The deal, which will be announced in a week’s time, will be valued at $600-650 million ( ₹ 4,000-4,500 crore), said one of the two people on condition of anonymity.
Jefferies LLC is advising Tata Communications Ltd, the parent of Tata Communications Data Centre, on the sale.
The deal is expected to reduce the debt of Tata Communications. As of 30 September, the company had a total consolidated debt of ₹ 9,595 crore.
In 2014-15, the company had a 20% share of the Indian enterprise data market and a 28.5% share of the Indian data centre market, according to the company’s 2014-15 annual report.
In June, Mint reported that Tata Communications plans to sell a 74% stake in its subsidiary Tata Communications Data Centre, citing people familiar with the matter.
Tata Communications provides data centre services in India and countries such as the US, the UK and Singapore. The government of India owns 26% stake in Tata Communications, formerly known as Videsh Sanchar Nigam Ltd.
Tata Communications Data Centre has facilities in New Delhi, Mumbai, Bengaluru, Chennai, Kolkata and Pune and some tier-II and tier-III towns. It has 44 data centres and co-location centres with over 1 million sq. ft of space.

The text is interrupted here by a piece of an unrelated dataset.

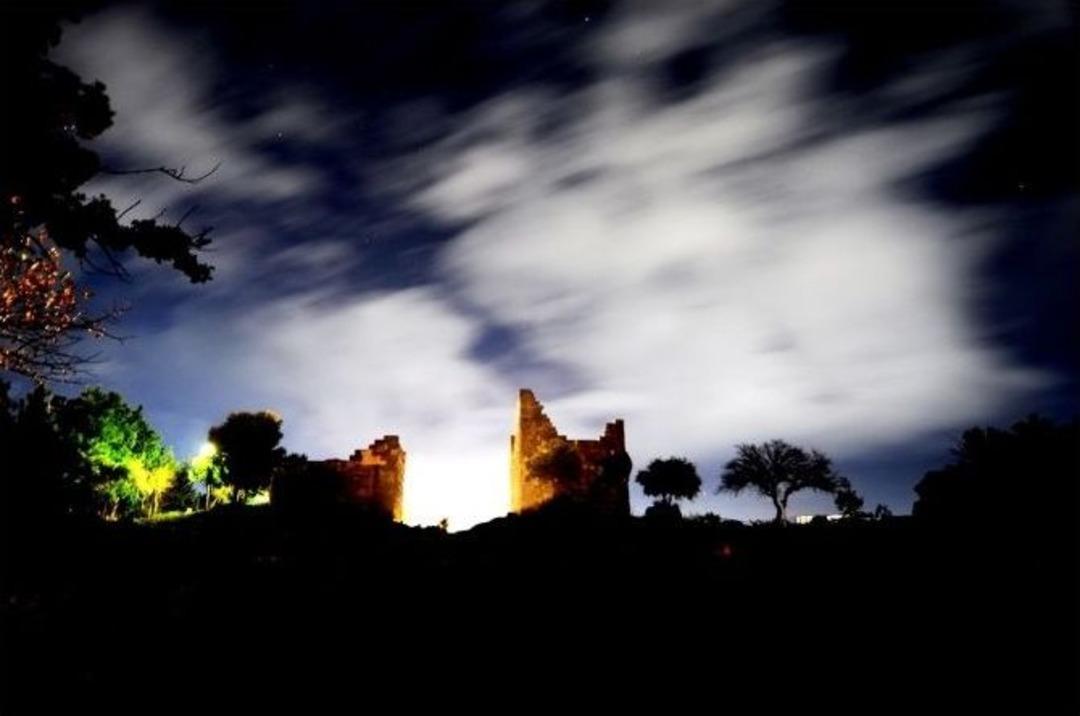 Myndos Kapısı Karanlığa B&uuml;r&uuml;nd&uuml;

It has eight partner sites across Australia, Malaysia, Germany and the Netherlands.
Emails sent to Tata Communications on Tuesday did not elicit any response. The spokespersons for ST Telemedia and Jefferies declined to comment.
According to Tata Communications’ annual report, the data centre unit’s profit fell 65% to ₹ 8 crore in the year ended 31 March 2015 from ₹ 23 crore in the previous year. Revenue rose 16% to ₹ 436 crore from ₹ 375 crore.
Tata Communications had separated the data centre business into a subsidiary effective 1 March 2014.
ST Telemedia is a strategic investor in communications, media and technology businesses around the world.
“With the growth in online and e-commerce business, data centres is a high-growth business. We expect that with technology capability and rising scale, India could also become the hub for data centre businesses globally,” said Ajay Garg, managing director of Equirus Capital, a boutique investment bank.
The Indian data centre infrastructure market is expected to grow 5.2% to $2 billion in 2016, according to a report published by researcher Gartner Inc. in November. Of this, spending on cloud infrastructure as a service will total $100 million, Gartner said, predicting that the cloud services market will touch $1.9 billion by 2019.
A number of companies including Amazon Web Services Inc. and Microsoft Corp. have plans to set up large data centres dedicated to the Indian market. Amazon, which has clients such as Tata Motors, redBus, Paytm and the Future Group, said in July last year that its data centre will be operational by 2016.
In November, telecom operator Vodafone Group had announced its plan to invest ₹ 1,000 crore to set up a tier-IV data centre in India to cater to domestic businesses and enterprises.